Parameter-efficient fine-tuning (PEFT) adapts large pre-trained models by updating only a small subset of parameters. Recently, Representation Fine-Tuning (ReFT) has emerged as an effective alternative. ReFT shifts the fine-tuning paradigm from updating model weights to directly manipulating hidden representations that capture rich semantic information, and outperforms state-of-the-art PEFTs in standalone settings. However, its application in Federated Learning (FL) remains challenging due to heterogeneity in clients' data distributions, model capacities, and computational resources. To address these challenges, we introduce Federated Representation Fine-Tuning (FedReFT), a novel approach to fine-tune clients' hidden representations. FedReFT applies sparse intervention layers to steer hidden representations directly, offering a lightweight and semantically rich fine-tuning alternative ideal for edge devices. However, representation-level updates are especially vulnerable to aggregation mismatch under different task heterogeneity, where naive averaging can corrupt semantic alignment. To mitigate this issue, we propose All-But-Me (ABM) aggregation, where each client receives the aggregated updates of others and partially incorporates them, enabling stable and personalized learning by balancing local focus with global knowledge.
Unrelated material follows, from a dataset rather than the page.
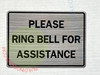 PLEASE RING BELL FOR ASSISTANCE Signage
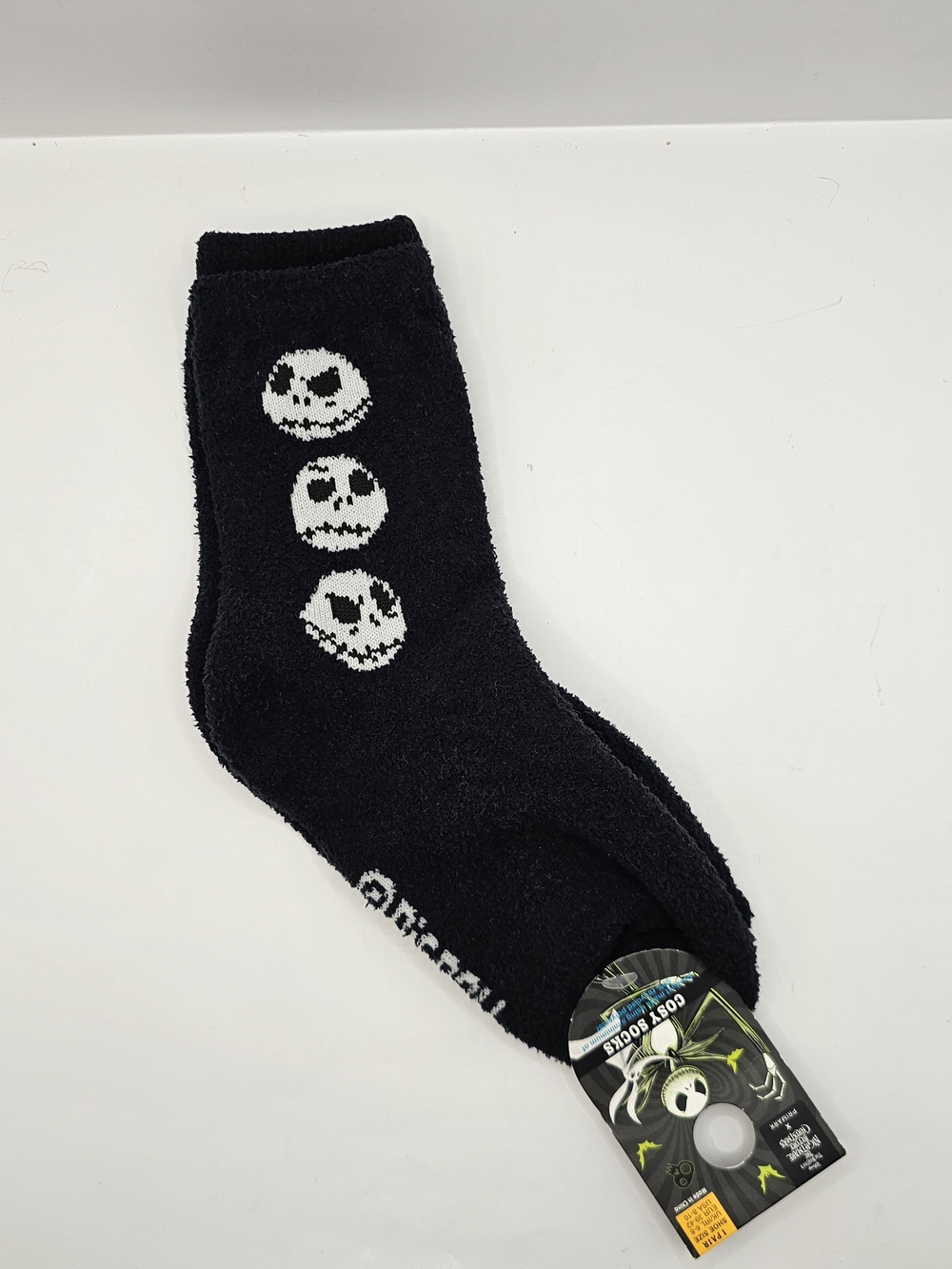 Disney Nightmare Before Christmas Jack Skellington Women's Fuzzy Crew Socks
We further design an adaptive update strategy inspired by Test-Time Computing (TTC) to balance local and global contributions under heterogeneous conditions. FedReFT achieves state-of-the-art performance on commonsense reasoning, arithmetic reasoning, and GLUE benchmarks, while delivering 1-49 times higher parameter efficiency compared to leading LoRA-based methods.

Paper Structure

This paper contains 37 sections, 18 equations, 5 figures, 20 tables.

Figures (5)

  • Figure 1: Average accuracy vs. trainable parameters (%) for federated PEFT methods on Arithmetic, Commonsense, and GLUE benchmarks using LLaMA-3 8B, LLaMA-3.2B, and RoBERTa-large models, respectively. FedReFT attains state-of-the-art accuracy while training far fewer parameters, improving communication efficiency and reducing transmission cost in FL.
  • Figure 2: FedReFT with ABM Aggregation. Clients cross-task demonstrate personalization while maintaining alignment with the global representation. (1)-(2): Each client applies LoReFTWu2024 interventions to train learnable parameter {$W$, $R$, $b$} to modify hidden representations $h$ in a low-rank edit subspace. (3): Clients fine-tune {$W$, $R$, $b$} locally and partially fuse received All-But-Me aggregated updates with their own. (4): The server performs ABM aggregation using the geometric median over other clients’ intervention parameters to generate $W_k^{\text{ABM}}, R_k^{\text{ABM}}, b_k^{\text{ABM}}$.
  • Figure 3: Study_Distance_from_GeoMed_ShapeColor
  • Figure 4: Study_Distance_from_Mean_ShapeColor
  • Figure 5: Comparison of aggregation strategies across tasks. Results for FedAvg, Mean-ABM, and Geometric Median-ABM on Commonsense Reasoning, Arithmetic Reasoning, and GLUE show that Geometric Median-ABM consistently outperforms others, demonstrating greater robustness in heterogeneous federated settings.